#### Records supplied

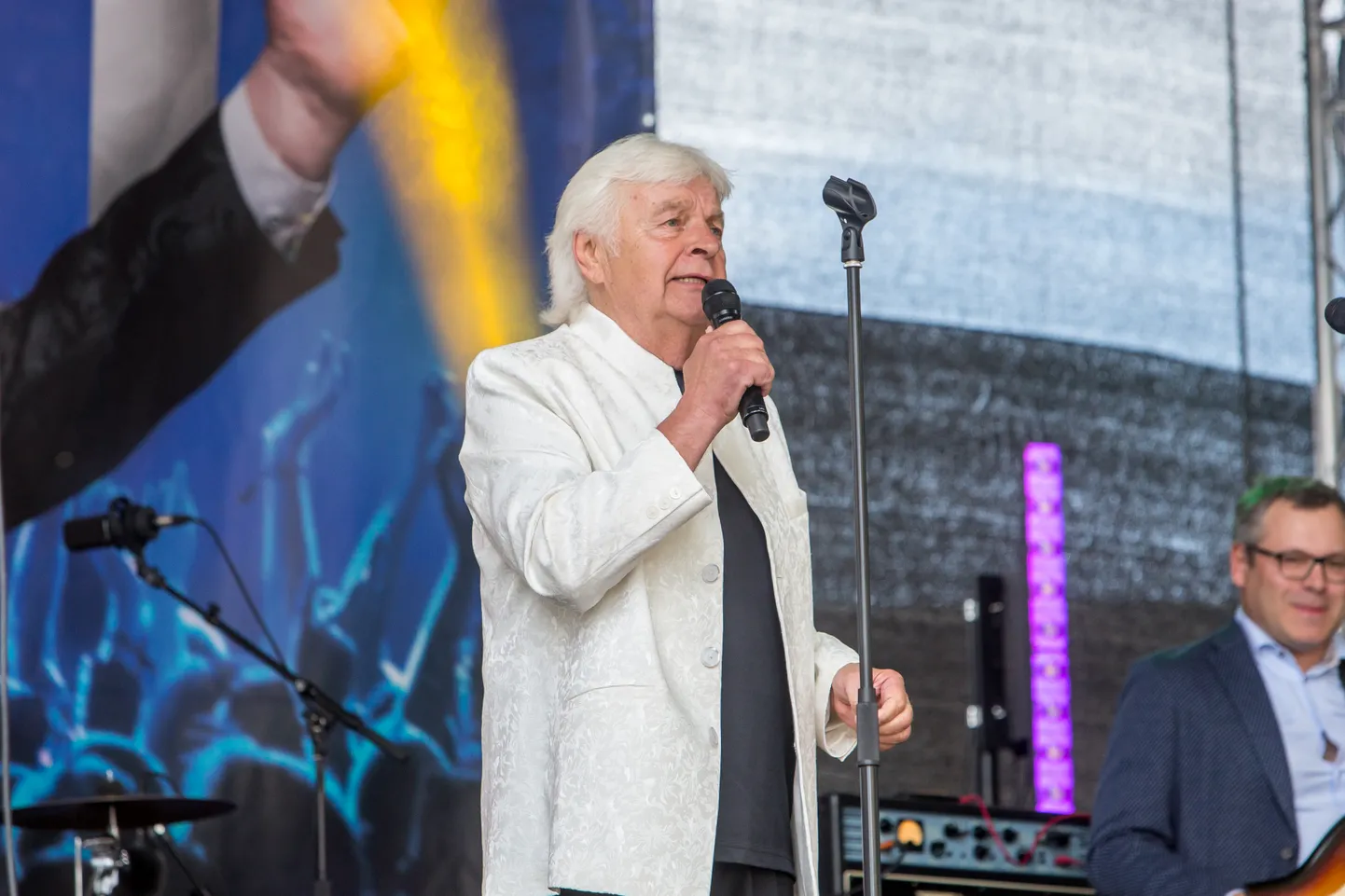 IVO LINNA oma 70. sünnipäeva kontserdil kodulinna Kuressaare lossihoovis.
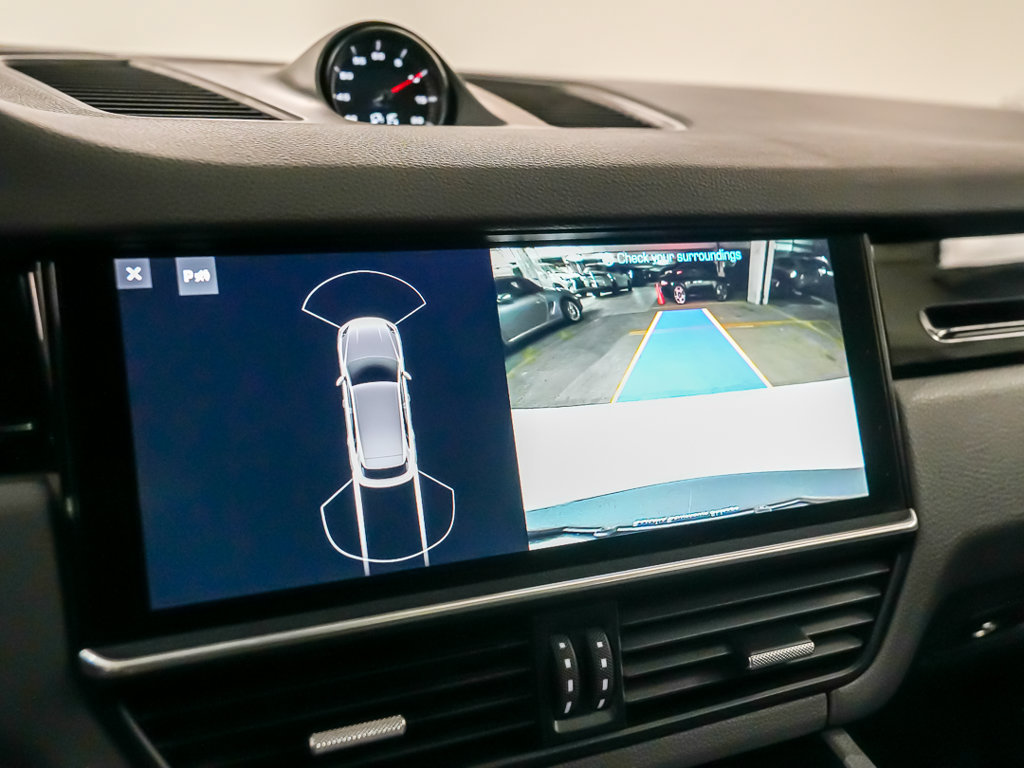 Certified 2021 Porsche Cayenne S AWD/4WD image 29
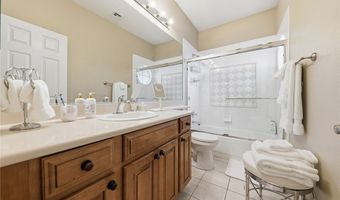 10728 Rivendell Ave, Las Vegas, NV 89135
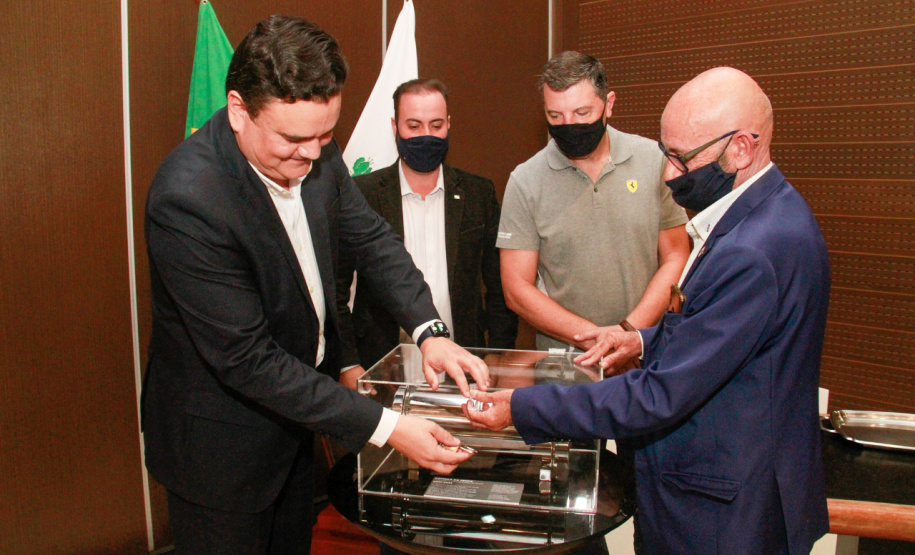 CGE fecha cápsula do tempo para gerações futuras com memória do combate à corrupção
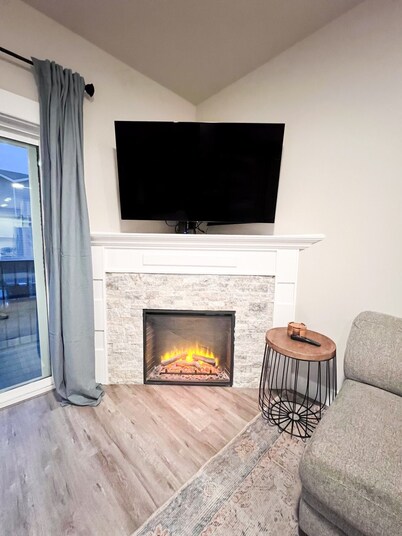 Beautiful, newly built 4 bedroom with garage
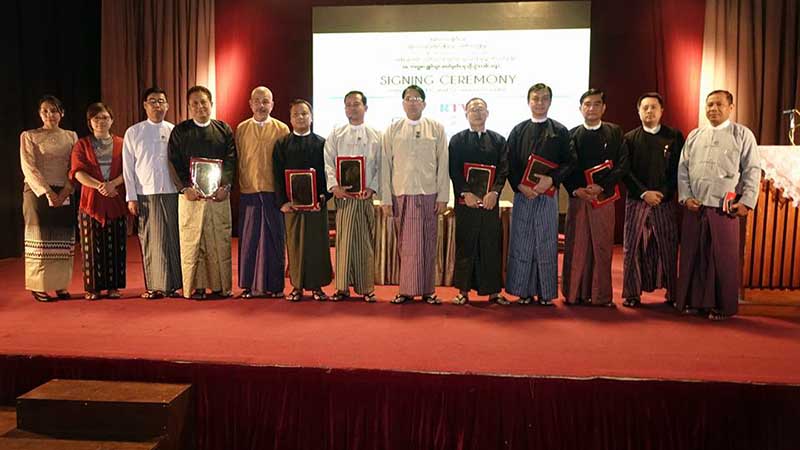 အခမဲ့႐ုပ္သံလုိင္း ထုတ္လႊင့္ခြင့္ရသည့္ကုမၸဏီမ်ား သေဘာတူစာခ်ဳပ္ လက္မွတ္ေရးထုိး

#### What to produce
Word for word, set down each record shown above, omitting the pictures.

#### Written response
 IVO LINNA oma 70. sünnipäeva kontserdil kodulinna Kuressaare lossihoovis.
 Certified 2021 Porsche Cayenne S AWD/4WD image 29
 10728 Rivendell Ave, Las Vegas, NV 89135
 CGE fecha cápsula do tempo para gerações futuras com memória do combate à corrupção
 Beautiful, newly built 4 bedroom with garage
 အခမဲ့႐ုပ္သံလုိင္း ထုတ္လႊင့္ခြင့္ရသည့္ကုမၸဏီမ်ား သေဘာတူစာခ်ဳပ္ လက္မွတ္ေရးထုိး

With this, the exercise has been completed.